Neste programa, falámos com o historiador de arte Pierre Léglise Costa sobre as ambições culturais e políticas da Cité Internationale de la Langue Française.

RFI: O que é a Cité Internationale de la Langue Française e para que serve?

Pierre Léglise Costa, Historiador de Arte: Serve para afirmar a língua francesa como uma das línguas mundiais pois é falada em vários continentes. É uma das línguas europeias que, por causa ou graças - segundo o ponto de vista da colonização - existe tanto na América, principalmente no Canadá, como na África francófona, como em certas regiões do Oceano Pacífico, como na Europa - em França, numa parte da Bélgica e numa parte da Suíça.

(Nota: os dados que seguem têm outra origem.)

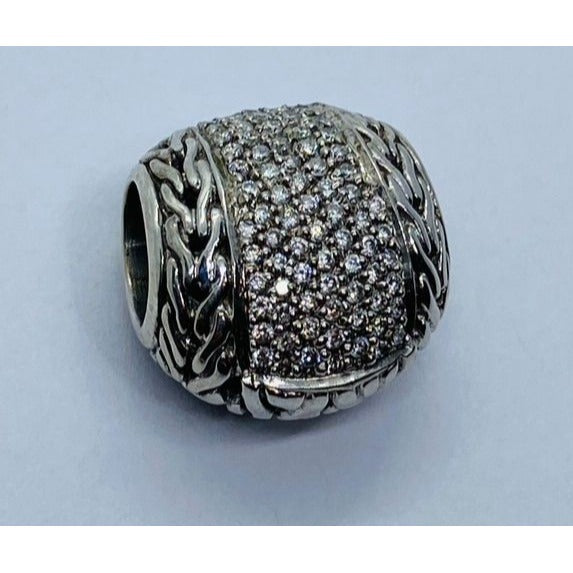 John Hardy Pave` Diamond 18K 750 Sterling Silver 925 Slide Pendant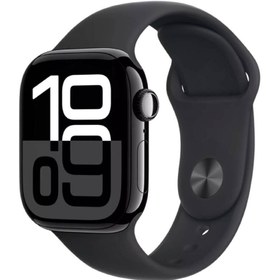 تصویر اپل واچ سری10 با گارانتی سایز 42 رنگ مشکی با بند سیلیکون Apple Watch Series 10 Aluminum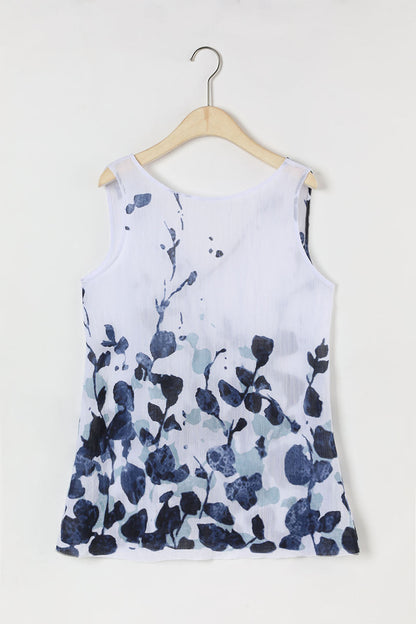 Large Size Floral Print Lapel Shirt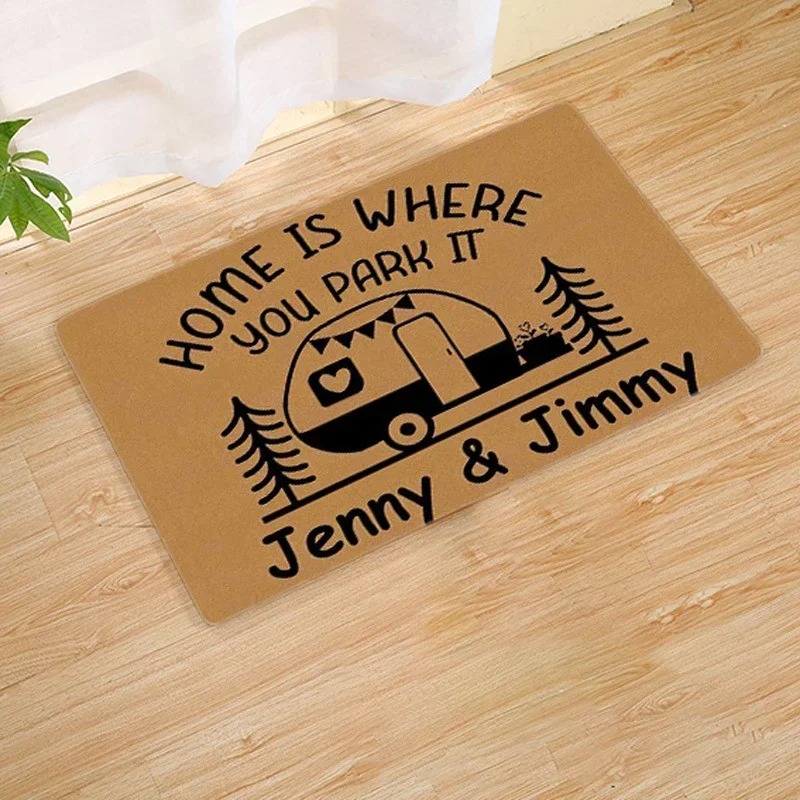 Outdoor Adventure Names - Camper Trailer Patterned Floor Mat RV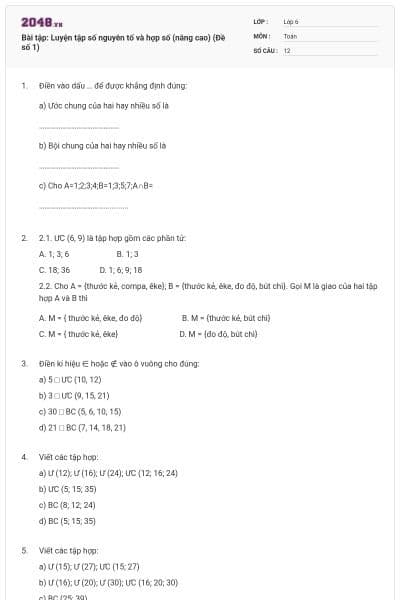 Bài tập: Luyện tập số nguyên tố và hợp số (nâng cao) (Đề số 1)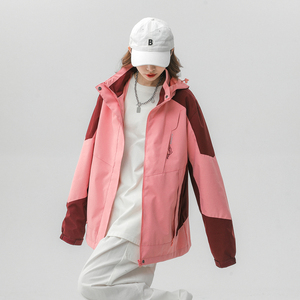 春季新款立领连帽撞色拼接情侣冲锋衣登山服夹克 JK18/P65/98图片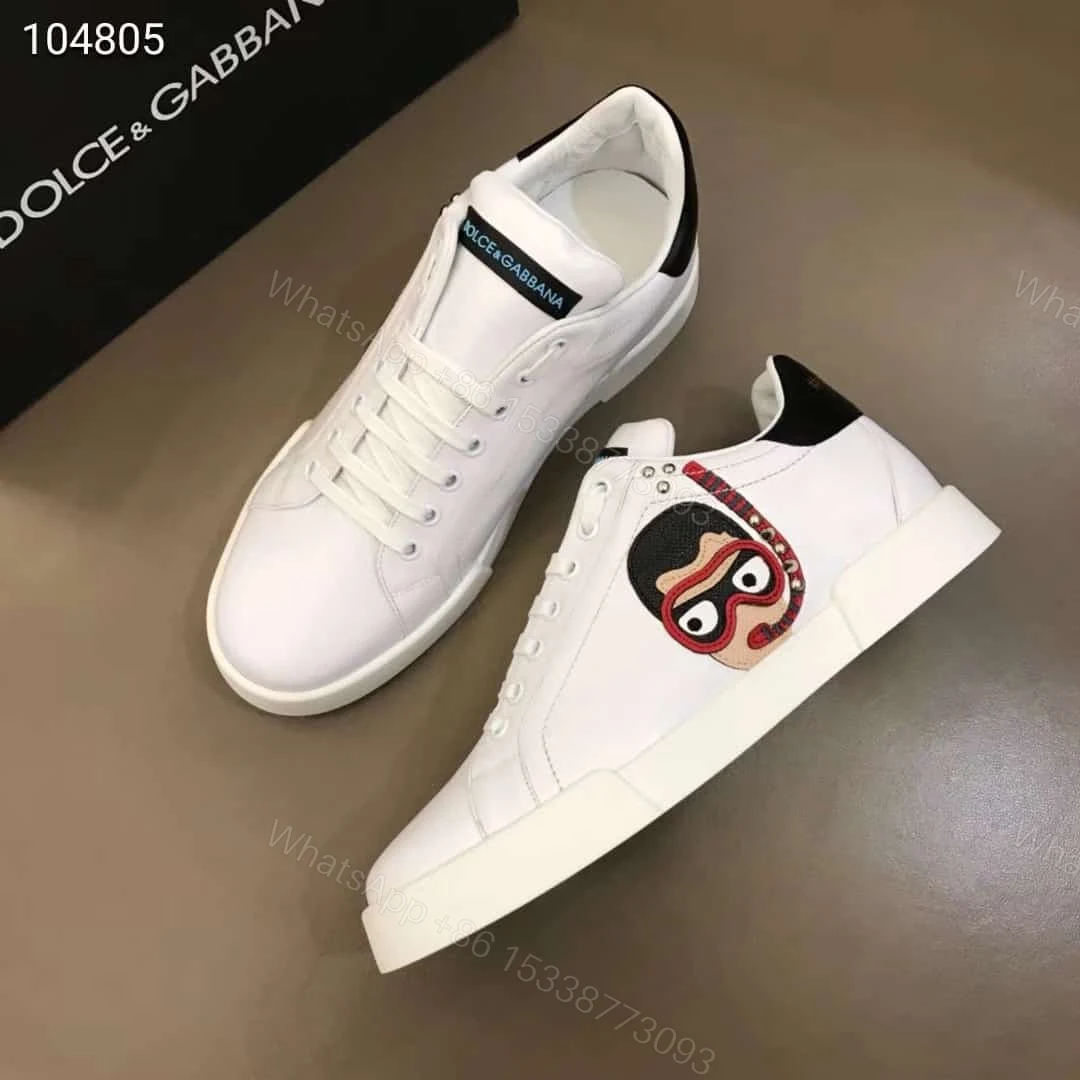 View 6 of DOLCE & GABBANA CALFSKIN PORTOFINO SNEAKERS WITH PATCHES OF THE DESIGNERS – DG2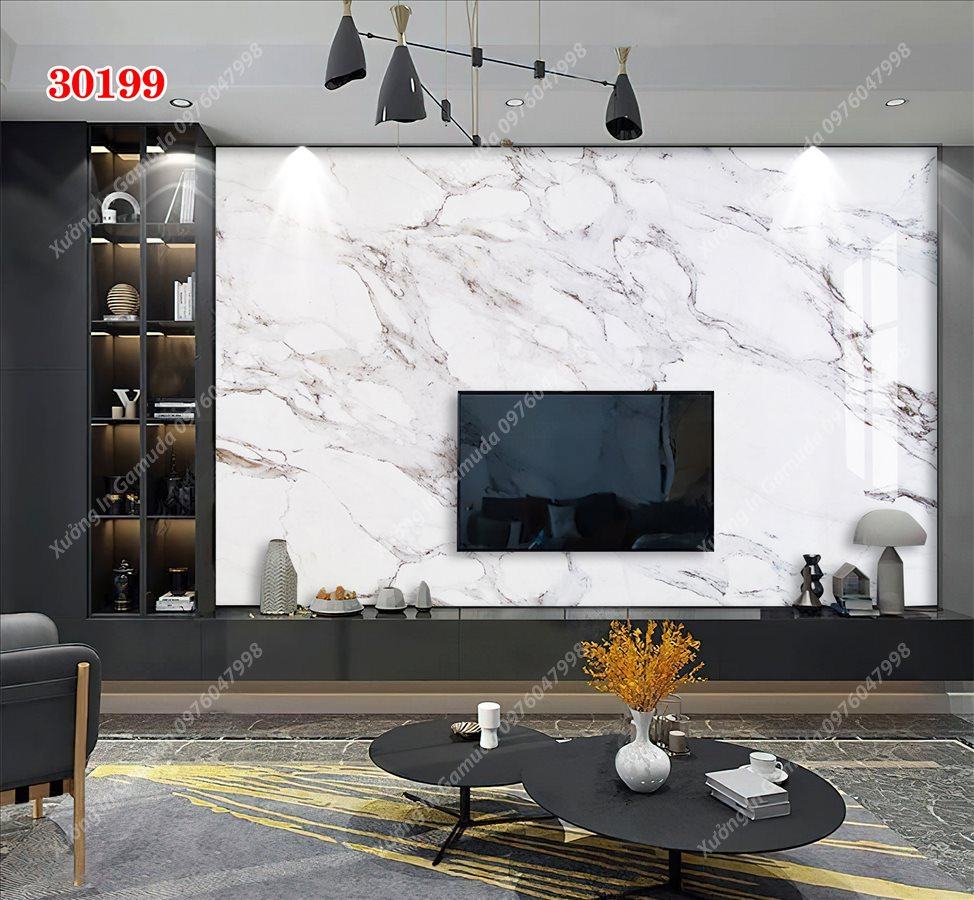 Tranh Gương Phủ Ceramic Vân Đá Đơn Sắc Trắng Sang Trọng- Phục Vụ Nhiệt Tình 24/24h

A ideia também nasceu no século XVIII em que o francês era a língua diplomática internacional. Toda a gente falava francês. Na Rússia falava-se francês diplomaticamente. Por exemplo, a imperatriz Catarina da Rússia tinha como convidados escritores franceses importantes. Mesmo um bocadinho antes, no século XVII, filósofos franceses viajavam pela Europa e falavam em francês, claro.

Este é “o primeiro projecto dedicado à língua francesa no mundo”, de acordo com a ministra da Cultura. Numa altura em que a França perde politicamente algum peso, nomeadamente, em África, outra ambição simbólica deste projecto cultural é usar a língua como ferramenta de "soft power"?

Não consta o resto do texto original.